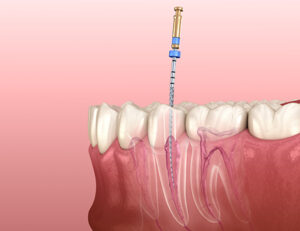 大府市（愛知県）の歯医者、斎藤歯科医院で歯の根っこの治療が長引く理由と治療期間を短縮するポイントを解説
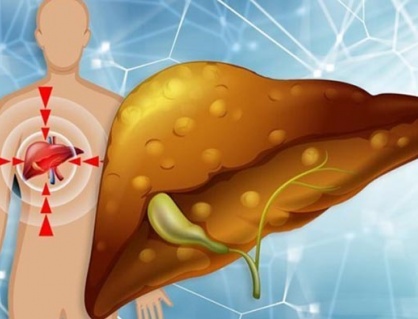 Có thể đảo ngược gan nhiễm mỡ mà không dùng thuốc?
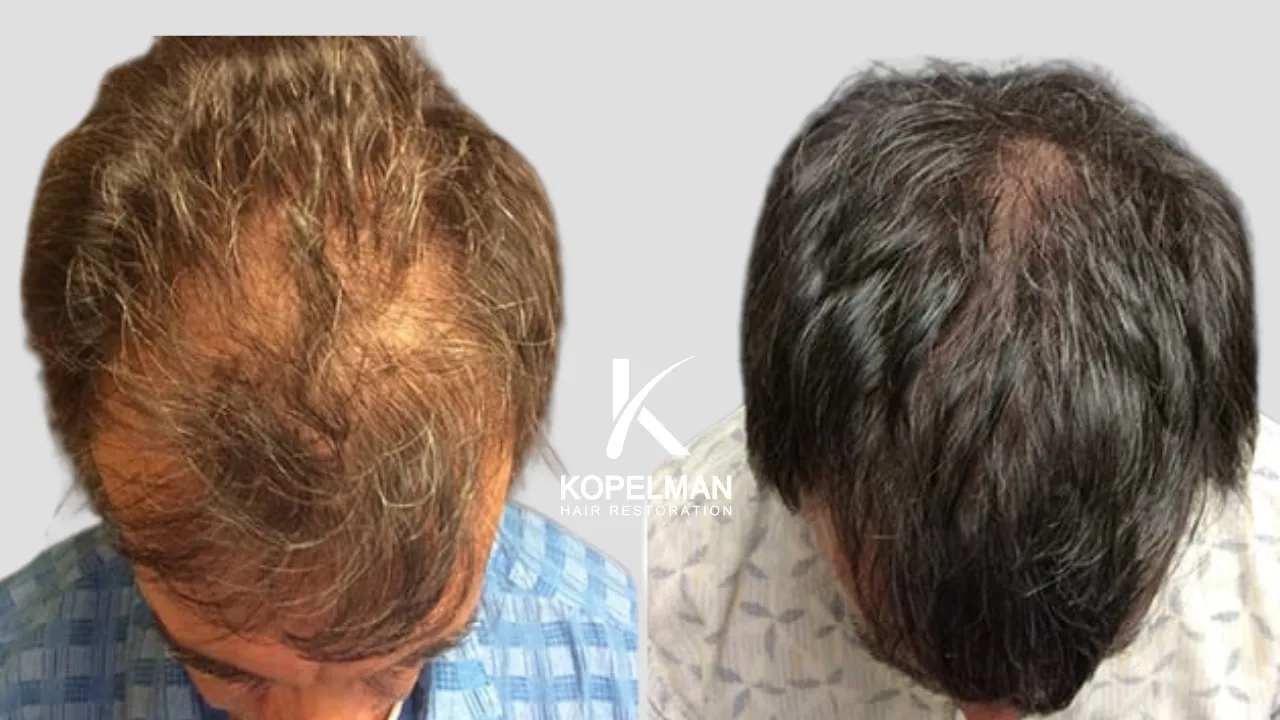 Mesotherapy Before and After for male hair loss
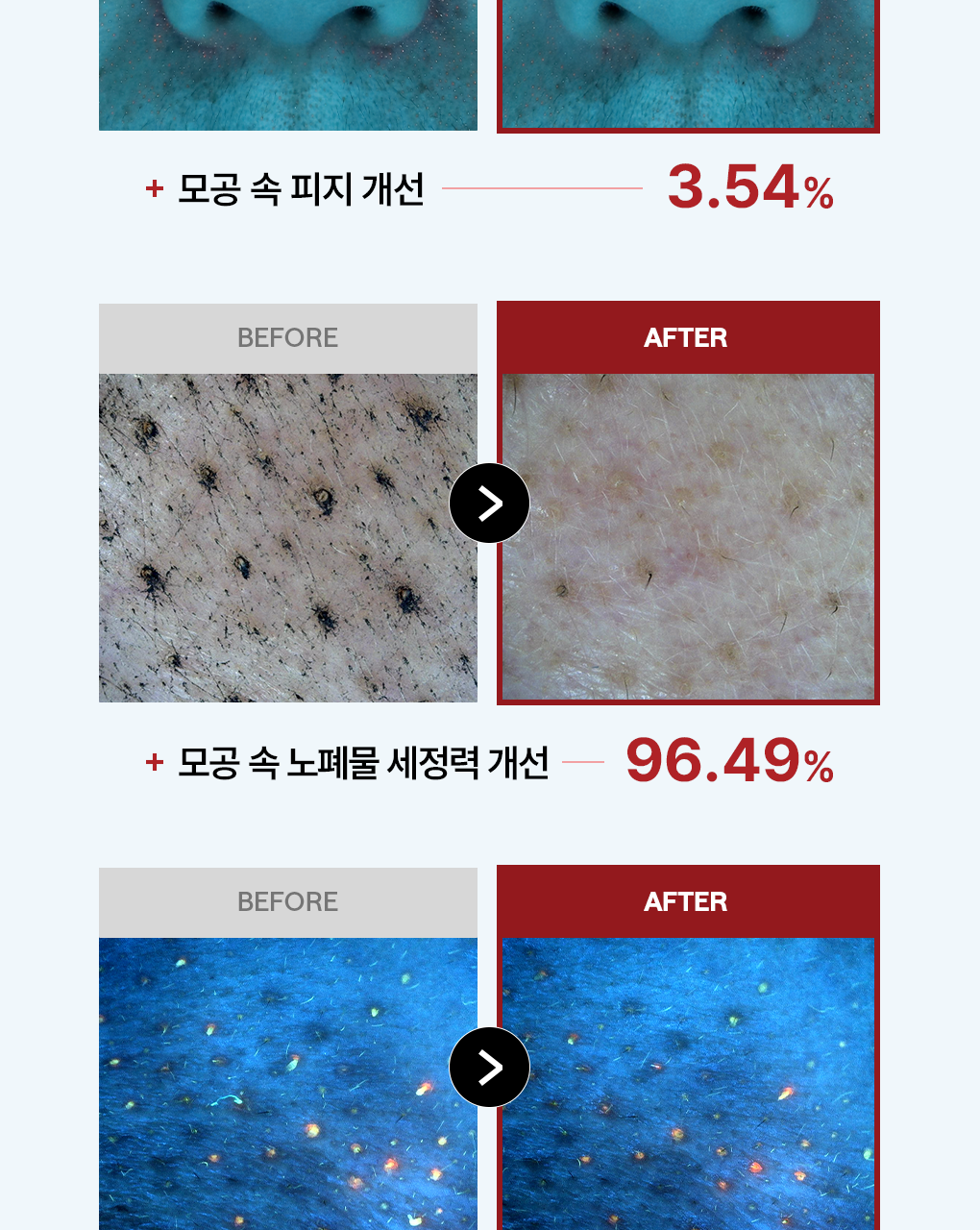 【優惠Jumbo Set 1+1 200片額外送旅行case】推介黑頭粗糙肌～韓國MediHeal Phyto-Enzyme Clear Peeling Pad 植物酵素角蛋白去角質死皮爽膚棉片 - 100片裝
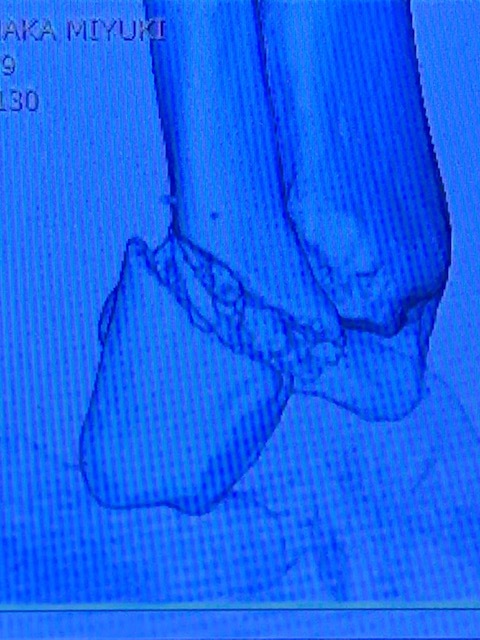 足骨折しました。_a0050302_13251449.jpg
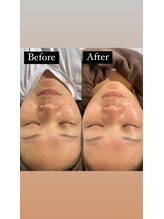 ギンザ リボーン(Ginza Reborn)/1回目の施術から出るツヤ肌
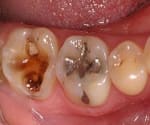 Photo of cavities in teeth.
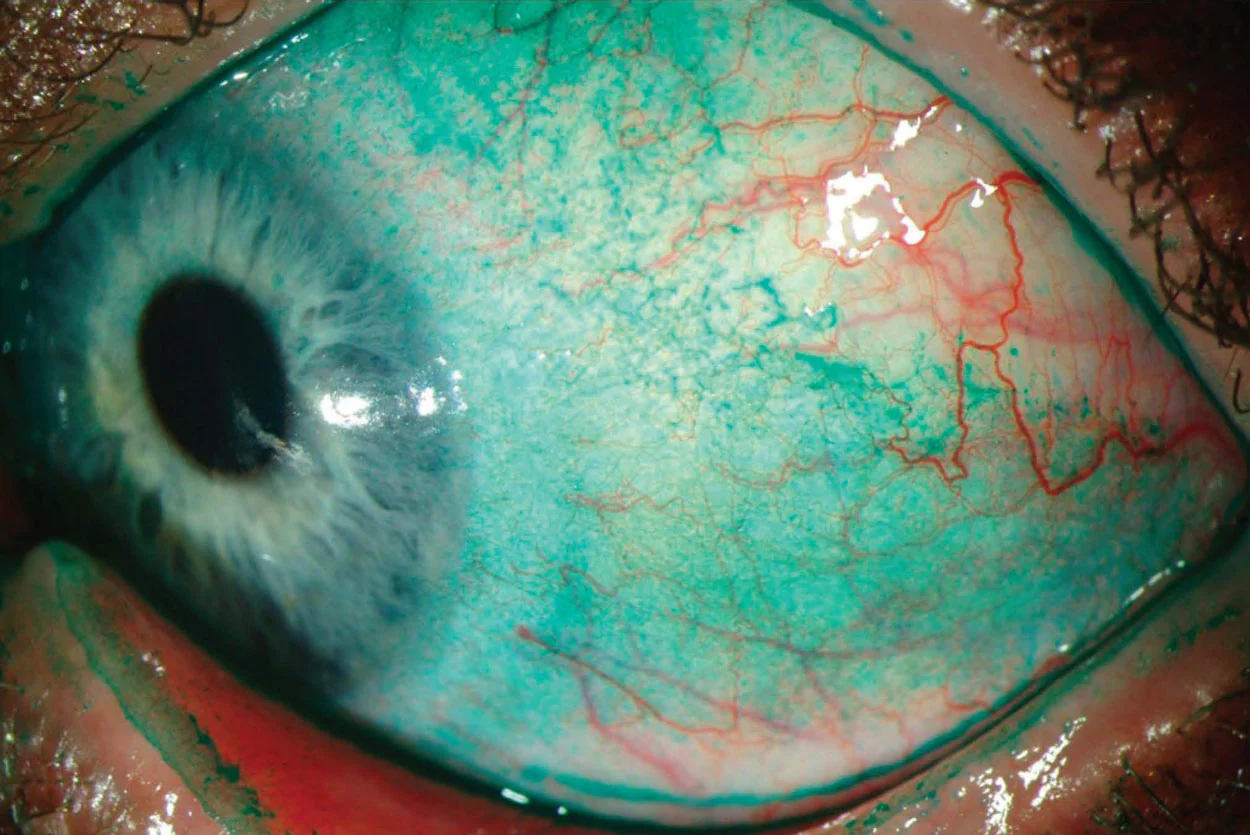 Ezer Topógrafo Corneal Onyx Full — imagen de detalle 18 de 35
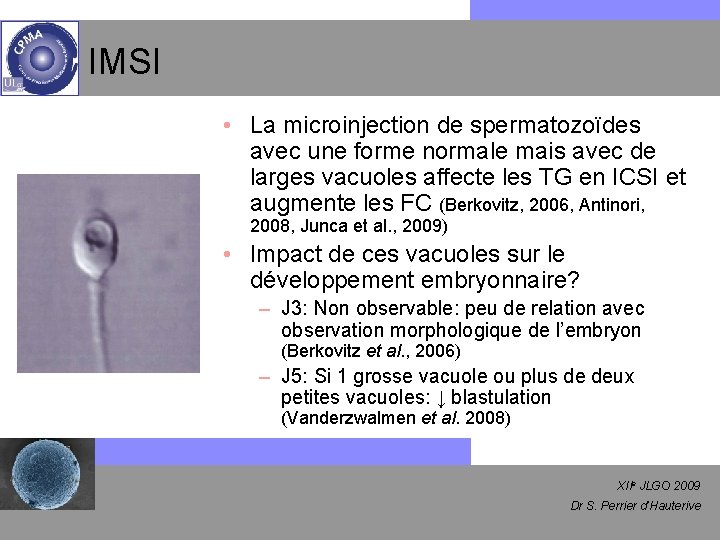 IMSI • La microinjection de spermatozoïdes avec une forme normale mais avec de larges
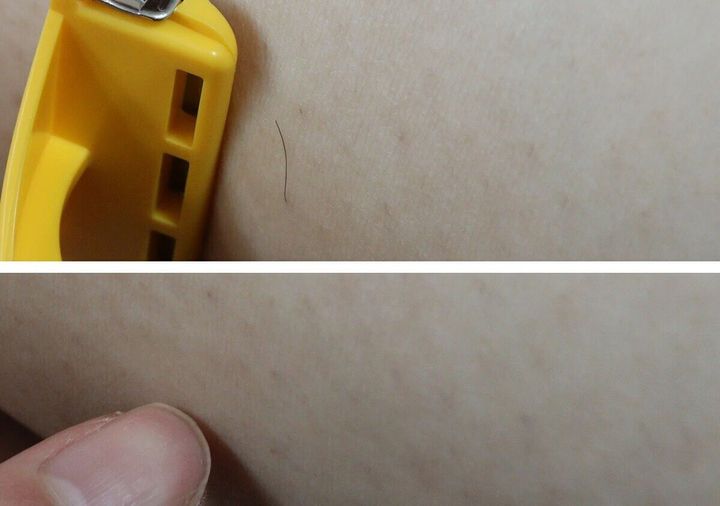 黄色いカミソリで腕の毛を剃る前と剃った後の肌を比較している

--------

What the exercise asks: The listing must be returned in full and exactly, apart from its pictures.

Written solution:
 大府市（愛知県）の歯医者、斎藤歯科医院で歯の根っこの治療が長引く理由と治療期間を短縮するポイントを解説
 Có thể đảo ngược gan nhiễm mỡ mà không dùng thuốc?
 Mesotherapy Before and After for male hair loss
 【優惠Jumbo Set 1+1 200片額外送旅行case】推介黑頭粗糙肌～韓國MediHeal Phyto-Enzyme Clear Peeling Pad 植物酵素角蛋白去角質死皮爽膚棉片 - 100片裝
 足骨折しました。_a0050302_13251449.jpg
 ギンザ リボーン(Ginza Reborn)/1回目の施術から出るツヤ肌
 Photo of cavities in teeth.
 Ezer Topógrafo Corneal Onyx Full — imagen de detalle 18 de 35
 IMSI • La microinjection de spermatozoïdes avec une forme normale mais avec de larges
 黄色いカミソリで腕の毛を剃る前と剃った後の肌を比較している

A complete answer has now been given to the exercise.